Point 5: The parties agree that the lawful legal regulated rent for the Unit, inclusive of a 6% milestone
increase for filing an alteration application, is $2,400.00 per month
I am not sure there ever was an overcharge application. It is certainly not mentioned in the proposed
order. Usually when an applicant files a Protected Occupancy (PO) and an overcharge (TA) application,
they would normally be consolidated in a single proceeding.
So, the issue before OATH Judge Addison was whether the applicant meets the provisions of RCNY 2-
09(b)(3)(iii), nothing more.
Instead, by agreeing to list the applicant as the protected occupant the owner appears to have gotten
itself off the hook for thousands of dollars in rent overcharges. Also, is $2400 the correct "lawful legal
regulated rent for the unit" or is that a confection whipped up by the landlord? When the building
reaches code compliance and the Loft Board staff has to research the issue, it's possible that the actual
"lawful" rent is some other figure.
There have certainly been some more egregious stipulations that the Loft Board covers with the fig leaf
that it "neither accepts nor rejects the remaining terms of the stipulation of settlement." Indeed, there
have even been cases where the Loft Board rejects the stipulation outright as contrary to public policy.
However, this case has a cut-and-dried aspect this I find odious: I'll agree that you're the protected
occupant as long as you waive your right to contest the significant amount of money that I (probably
knowingly) overcharged you for the past seven or eight years.

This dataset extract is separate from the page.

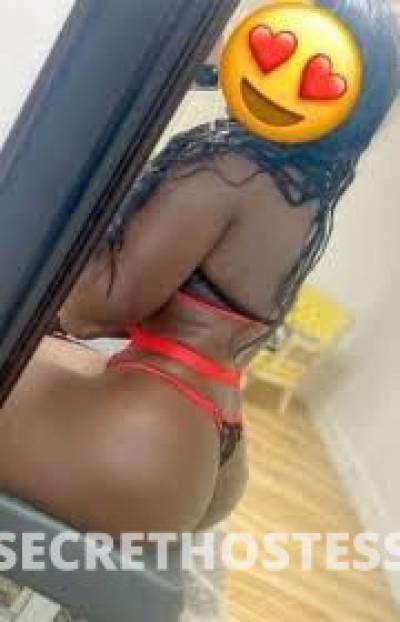 23Yrs Old Escort Brooklyn NY Image - 0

In my view, the Loft Board should provide guidance to OATH judges to limit the nature of stipulations
that can be crafted to "settle" a case.
NOTICE
A party aggrieved by a determination of the Loft Board may file an application for recpnsideration of the determination. Under 29 RCNY § 1-07(b}, an aggrieved party must serve the reconsideration application on the affected parties to the prior proceeding. Service of the application shall be completed in accordance with 29 RCNY § 1-06. The aggrieved party must then file the application at the Loft Board's office along with proof of service and the required application fee. Under section 1-07(b}, "(t)o be considered timely, a complete reconsideration application must be received by the Loft Board within 30 calendar days after the mailing date of the determination sought to be reconsidered."
Pursuant to 29 RCNY §1-07(d):
A LoftBoard determination pursuant to section 1-06 if these rules shall be the final agency determination for the purpose of judicial review, unless a timely application for reconsideration of the determination has been filed. In such case, (i) if the Loft Board modifies or revokes the underlying order, such revocation or modification shall be deemed the final agency determination from which judicial review may be sought; (ii) if the Loft Board denies the reconsideration application, the underlying order shall be deemed the final agency determination; and (iii) if the Loft Board decided the reconsideration application by remanding the matter to the hearing officer for further proceeding, neither the underlying order nor the remand order shall constitute a final agency determination, and no judicial review may be sought until such time as the Loft Board issues a final agency determination following the remand.